DR. AMARO: Dan, what is the profile of the people that you are looking for, for this expert focus group, since these are the people who are supposed to see the future.

DR. FRIEDMAN: The profile has changed, and I think it has changed today.

DR. AMARO: To?

DR. SONDIK: I will give it a shot. First of all, I think we need some core there who do know something about the health statistics "system." They have got to have some familiarity with these.

I think someone who thinks future-like about health care organization and delivery, somebody like I am looking at Wendy Baldwin here, who is the first name on the list, certainly knows about health biomedical research and the direction that is going in.

She might actually fit my second category, which has to do with biology, DNA and that sort of thing.

Somebody who thinks about informatics -- I love this term, sort of like cybernetics used to be, but you know, information systems, using information, data structure, data analysis, data mining all of a sudden has really become -- at least the data mining has really become a field, and something that people used to speak about with disdain. My god, you don't know what you are after; why did you collect this information.

Now, this has really changed. This is a very legitimate idea. When you think about it, you go out on the internet, a lot of what you do is sort of data mining in a sense.

You don't know exactly what you are going to get, but you go out there and make a lot of connections of one sort or another. At any rate, those are the ones I wrote down.

I wrote down data analysis separately from data structure and data mining type things. It may be that thinking about the end user, the person who is actually going to analyze this, will tell us something about the structure of it in some sense.

I think privacy and confidentiality should be a piece of this, someone who thinks about this in the future and where that might be going, that should be a part of it.

I think as you think about the questions you might want asked, you might give some thought to who might give you provocative or interesting answers, not that any of the ones you are talking about would be the sole person to talk about X or Y or Z. They will probably make the other ones better by pushing them in their particular areas of expertise, I would think.

DR. AMARO: I would really like to stress that I think it is important, considering the limitations of the current data systems that we have, for a lot of the issues that we deal with in our subcommittee -- population-specific issues -- that we are thinking about the future and the increasing changes in population distributions and diversity, that we really try and get a group of people who will really be able to think broadly about that.

By that, I don't mean, just one African American, one Hispanic and one Asian person, but that everybody, or at least we try to get a group of people who really, regardless of what their own background is, thinks about the population shift.

In that vision of the future, we will be able to have that reflected and we won't end up with the same problems again.

DR. SONDIK: That says to me to try to get people who will think about how the data will actually be used. That I think is what you really put your finger on, when you are saying that.

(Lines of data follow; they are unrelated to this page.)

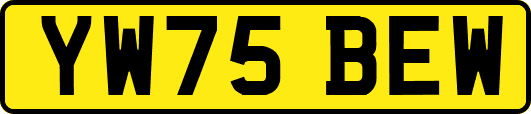 YW75BEW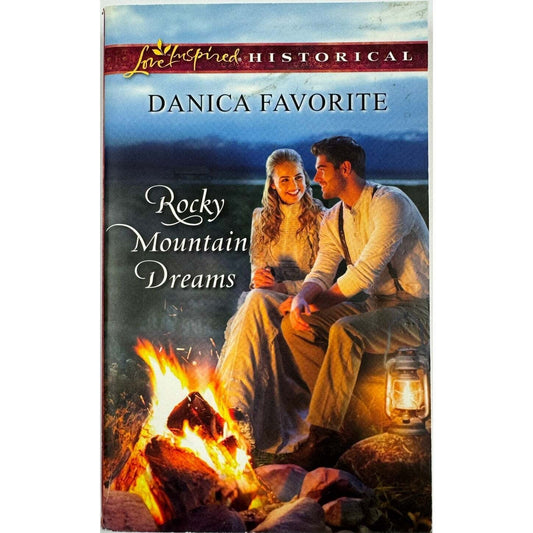 Rocky Mountain Dreams by Danica Favorite (Paperback) - Image 1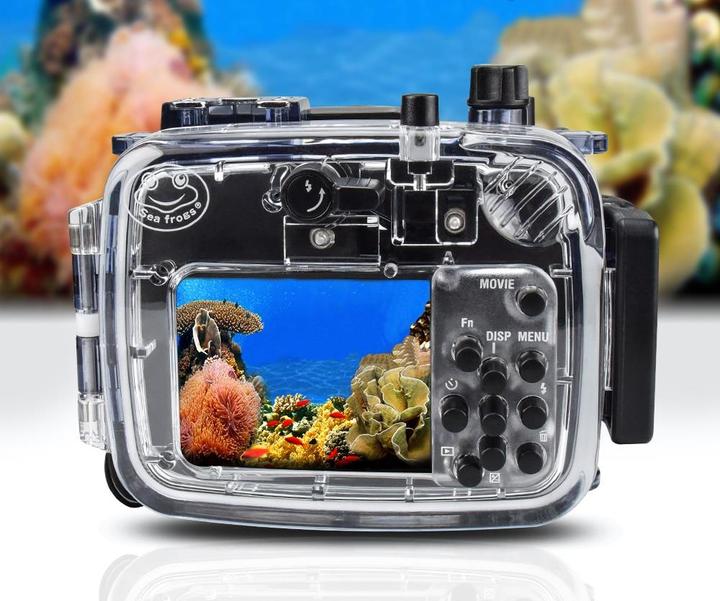 Immagine prodotto Seafrogs SS-20 (Custodia subacquea, RX100 VII)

I mean, what is it that we are going to need to know. What sorts of decisions are we going to be making, using this form in the future. I would almost put that under the devolvement, although that generally means decision making.

I see it as meaning we want more and more information on groups that are defined in more and more precise ways.

Change in the census may lead us to an even higher focus on that; not the census, but the collection of race and ethnicity information.

DR. AMARO: It is going to be a challenge to select these 15 or 30 people.

MR. BARTLETT: I was just going to say, if you are starting with two focus groups, you get a sense of how Noah said.

DR. SONDIK: I want to thank everybody for coming. I think this was not a start, but it is a great push forward in the middle of this process.